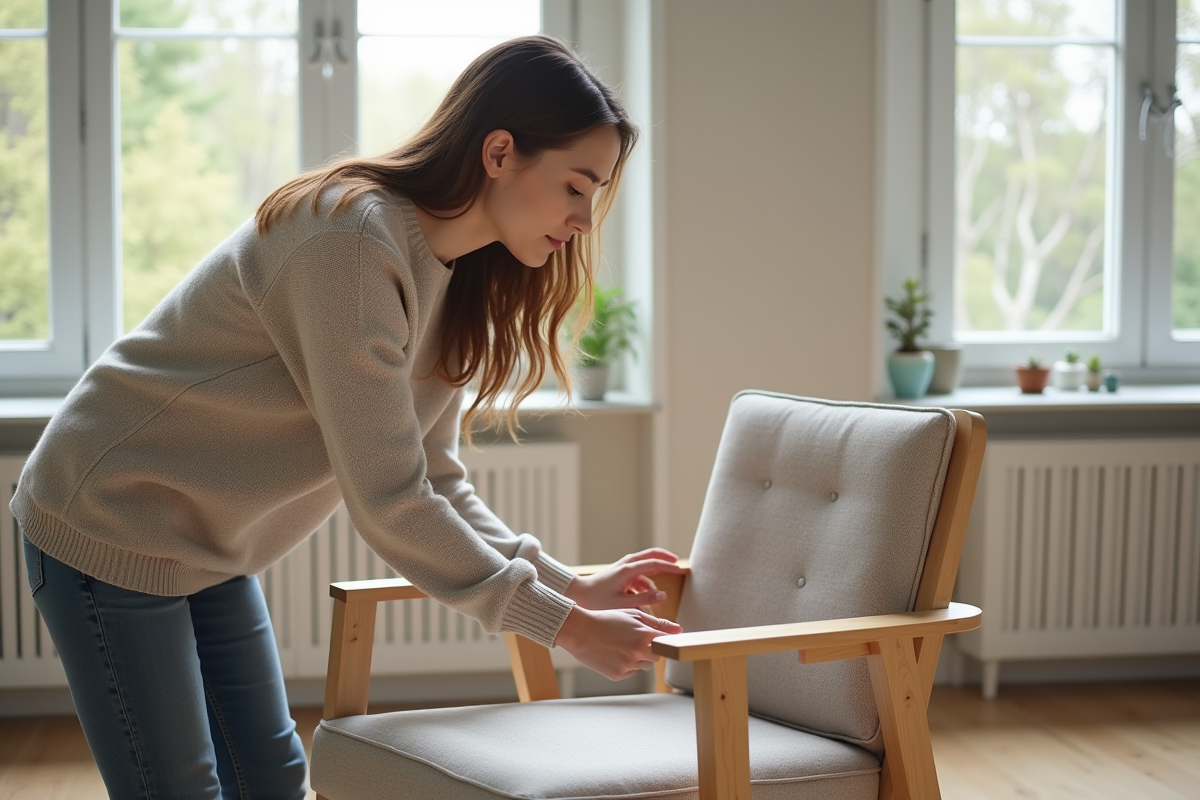 Jeune femme scandinave inspectant une chaise en bois clair dans un salon moderne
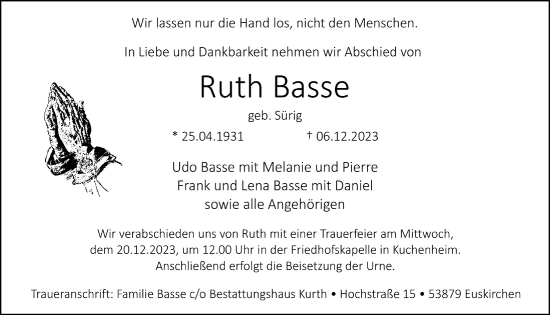 Anzeige von Ruth Basse von  Blickpunkt Euskirchen 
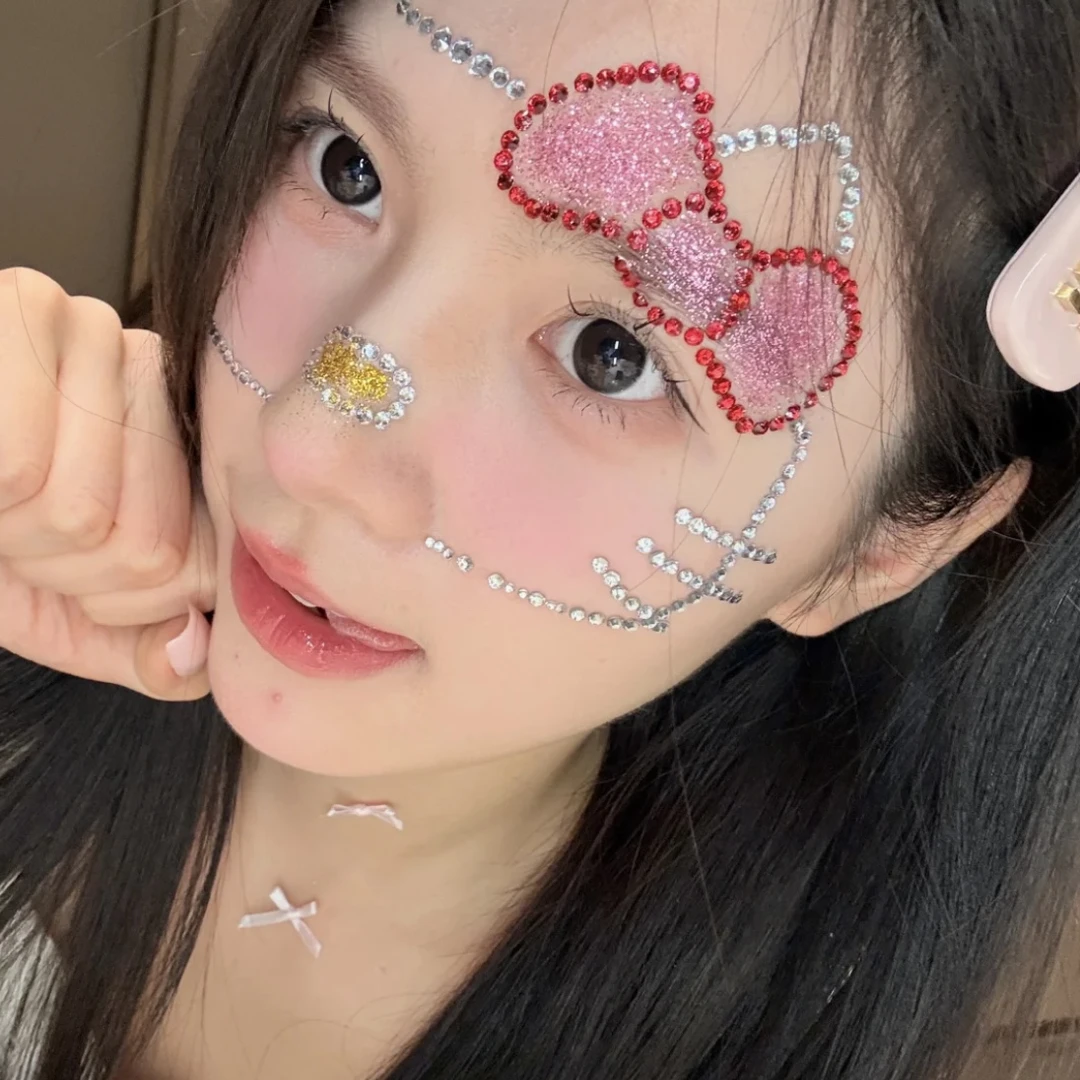 hellokity钻石脸贴不带胶凯蒂猫kt猫妆容钻石贴圣诞节彩钻diy美甲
++++++
__What to produce__:
Once the pictures are set aside, give the listing again word for word.

__Answer to this exercise__:
 Jeune femme scandinave inspectant une chaise en bois clair dans un salon moderne
 Anzeige von Ruth Basse von  Blickpunkt Euskirchen 
 hellokity钻石脸贴不带胶凯蒂猫kt猫妆容钻石贴圣诞节彩钻diy美甲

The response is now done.